◆ ACTIVITY ◆
Print only the lines from the top of the data through the line with "KEYDIY KD B11-3", both included, skipping every picture.

◆ PROVIDED DATA ◆
——
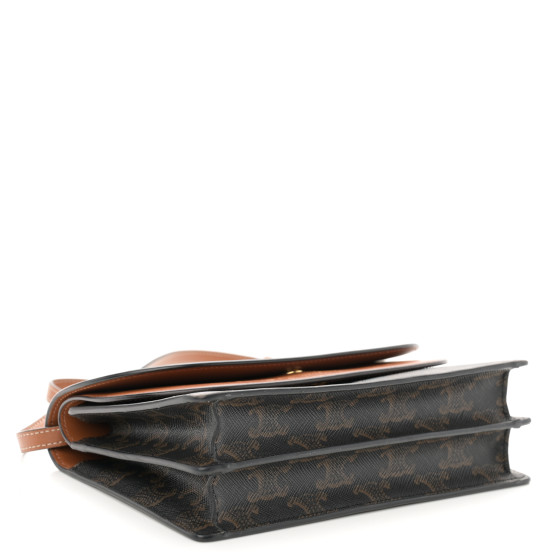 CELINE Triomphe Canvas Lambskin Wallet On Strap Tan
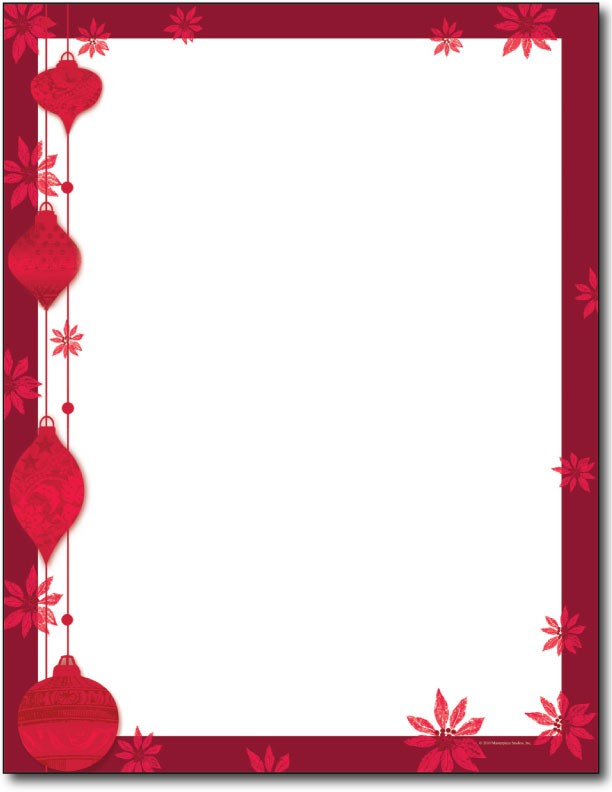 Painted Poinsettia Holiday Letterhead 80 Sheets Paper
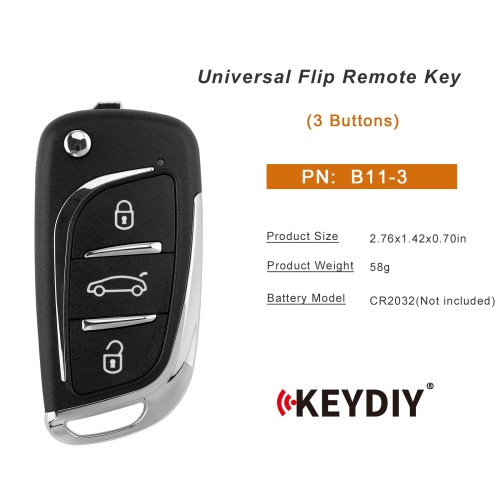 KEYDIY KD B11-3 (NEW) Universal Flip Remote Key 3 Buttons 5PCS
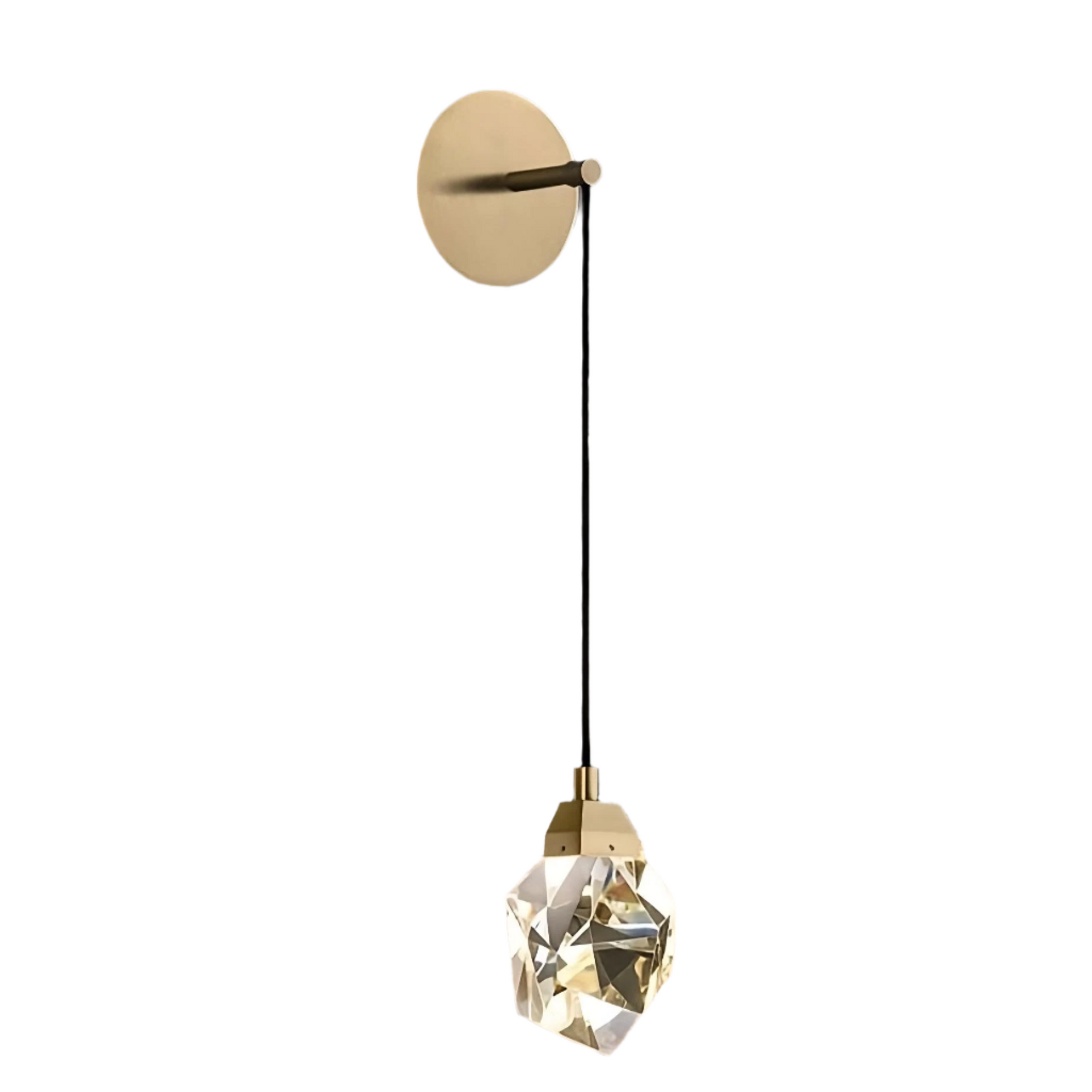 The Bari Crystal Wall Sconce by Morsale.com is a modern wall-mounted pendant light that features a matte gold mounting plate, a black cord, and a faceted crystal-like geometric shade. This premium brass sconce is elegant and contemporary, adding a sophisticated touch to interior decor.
——
◆ WRITTEN RESPONSE ◆
 CELINE Triomphe Canvas Lambskin Wallet On Strap Tan
 Painted Poinsettia Holiday Letterhead 80 Sheets Paper
 KEYDIY KD B11-3 (NEW) Universal Flip Remote Key 3 Buttons 5PCS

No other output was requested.